Cable Operators Ask for CALM Act Leniency
WASHINGTON--A lobbying organization for small and medium market cable operators is asking the FCC to minimize the regulatory burden of the recently passed CALM Act on their members.
The CALM Act, which was signed into law in December by President Obama, requires broadcasters to ensure that commercials are not louder than regular programming. The law requires stations to follow ATSC recommended practices for regulating audio in the DTV signal. The American Cable Association, in comments filed with the FCC acknowledged that loud commercials are a problem but also noted that digital technology has solved many of the problems.
“Independent cable operators agree that jarring volume spikes at commercial breaks are a concern to consumers, although these annoyances have largely gone away with the industry’s adoption of new technologies and practices in recent years,” ACA President and CEO Matthew M. Polka told the commission.
Nevertheless, the ACA asked the FCC to implement CALM Act rules so as the minimize cost burdens. “The CALM Act seeks to address remaining concerns about loud commercial advertisements in a targeted manner,” Polka said. “That said, implementation of the CALM Act, including obligations to deploy, utilize, and maintain equipment, as well as the structure of the complaint process, could place costly compliance burdens on independent cable operators, even ones not directly involved in the insertion of advertisements. In adopting its regulations, the FCC should seek to avoid imposing any undue burdens on these operators.”
The ACA asked the commission to give pay-TV providers some leeway in handling broadcast audio due to the fact no equipment exists to permit real-time monitoring, decoding and re-encoding of commercials. It also said that most of its members do not insert commercial advertisements and that most ads shown on ACA member systems are inserted by broadcasters and national cable networks. Since they are simply passing through the commercials, the lobbyist told the FCC that they should not be held responsible for ensuring the ads comply with the law.

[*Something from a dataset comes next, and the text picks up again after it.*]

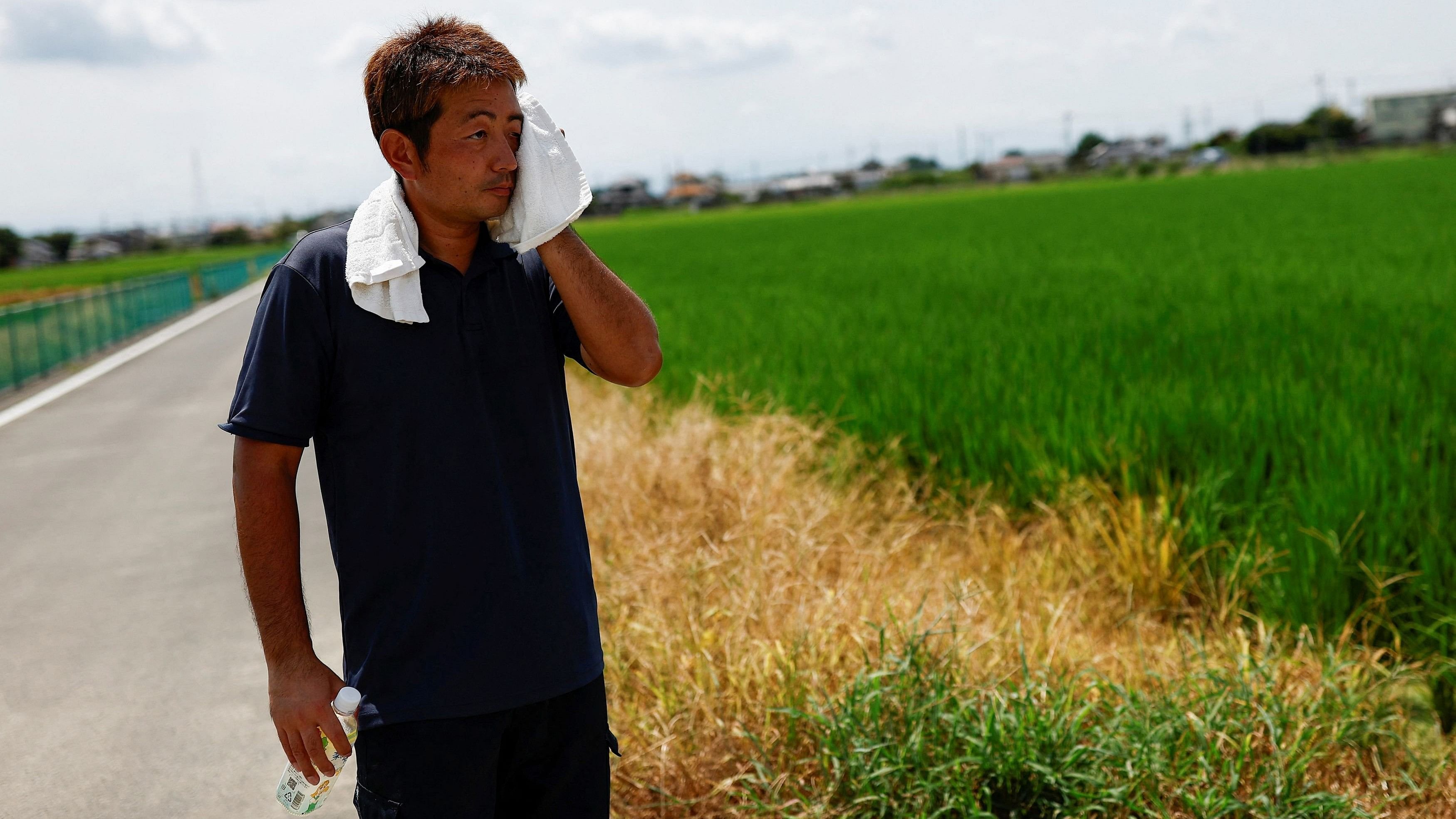 <div class="paragraphs"><p>Yukihiro Kurosawa, a 39-year-old farmer, wipes his sweat during a hot summer day, near his fields in Meiwa, Gunma prefecture, Japan.</p></div>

ACA urged the FCC to reconsider its tentative view that CALM Act requirements must be met by only the pay-TV provider and not a third party. If the commission does decide that ATSC requirements apply to those pay-TV that are just passing through the broadcast signal, it should find in favor of compliance if the pay-TV provider has a “good-faith” explanation that the commercials conform with the ATSC regs. It also noted that for those pay-TV providers that do insert local commercials, the fact that they have installed and are utilizing and maintaining equipment to ensure compliance with the regulations be considered enough to be in compliance.
Since loudness can be subjective, the ACA recommended that complaints filed under the CALM Act include verifiable information about the date and time when the offending ad was shown, along with the name of the network and a description of the ad, including, if possible, the extent to which the ad was louder than the long-form program.
The lobbyist also asked that any penalties imposed against a small cable operator be lenient unless there is a pattern of offenses. It also asked the commission to grant an automatic one-year financial hardship waiver to small cable providers that certify the need to install, utilize and maintain any equipment to ensure compliance with the CALM Act even if the rules just cover the insertion of local ads.
Public comments on the CALM Act to the FCC were due July 5, 2011, and reply comments are due July 18.